Deux traces du même RTT

La première mesure R met fin à la phase sans observation. Elle initialise SRTT à R et RTTVAR à R/2. Le délai devient alors SRTT + max(G, 4*RTTVAR), G représentant la granularité de l’horloge.

Les mesures suivantes ne remplacent pas brutalement cette mémoire. Un nouveau R' pèse pour un quart dans l’évolution de RTTVAR, mais pour un huitième dans celle de SRTT. La dispersion peut donc réagir plus vite que le centre.

L’ordre qui protège l’écart

Le texte exige de calculer d’abord la nouvelle RTTVAR avec |SRTT-R'|, alors que SRTT contient encore l’estimation précédente. La moyenne lissée n’intègre le nouvel échantillon qu’ensuite.

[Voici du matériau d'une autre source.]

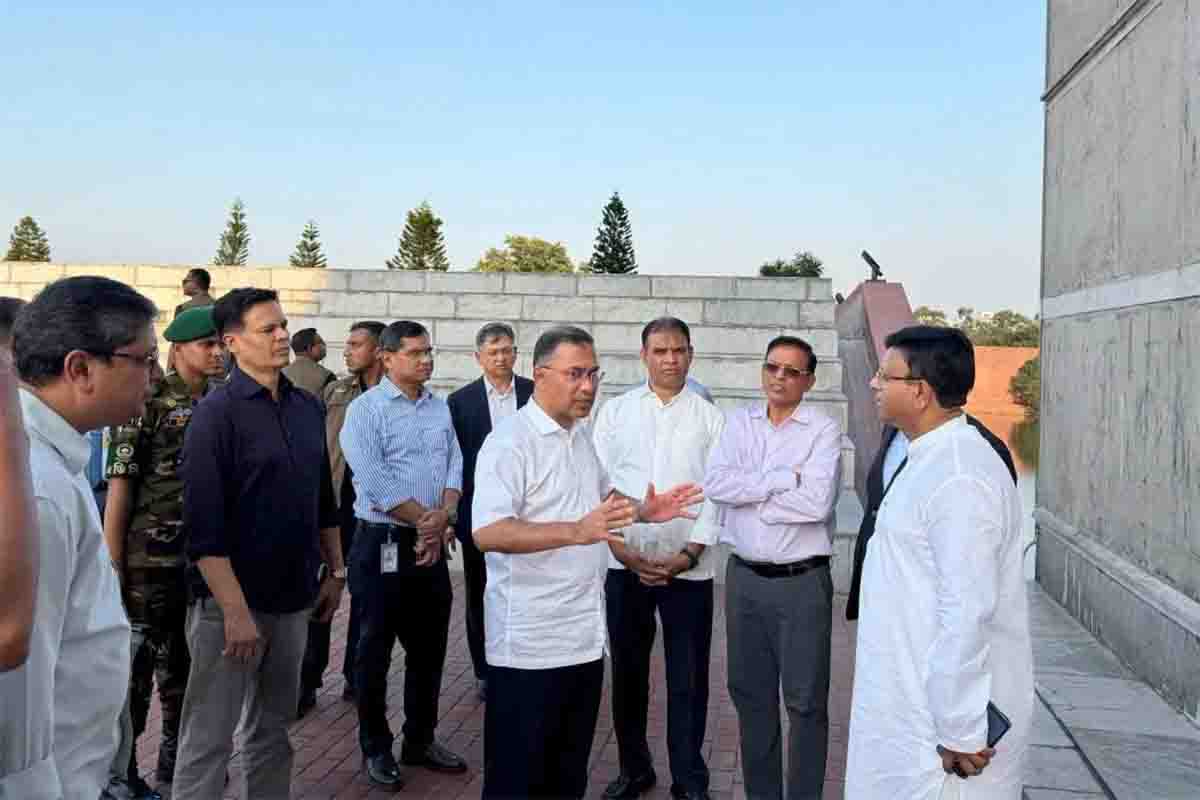 সংসদ প্রাঙ্গণ পরিদর্শন করলেন প্রধানমন্ত্রী, দিলেন যেসব নির্দেশনা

L’ordre inverse rapprocherait déjà la référence de la mesure avant d’évaluer leur distance. L’observation atténuerait ainsi sa propre nouveauté. Le RFC transforme ce détail d’écriture en règle vérifiable de l’algorithme.

Des bornes sans effacer la mémoire

Si le calcul produit moins d’une seconde, le RTO devrait être ramené à une seconde. Une borne maximale est permise, à condition de ne pas être inférieure à 60 secondes. Ces limites encadrent le calcul sans supprimer ses deux mémoires.

Le RFC ne recense pas les choix de tous les systèmes actuels et ne prétend pas que ses constantes sont parfaites pour chaque réseau. Il sépare aussi deux décisions : Karn détermine si un échantillon est recevable ; l’ordre décrit ici détermine comment un échantillon accepté transforme l’estimateur.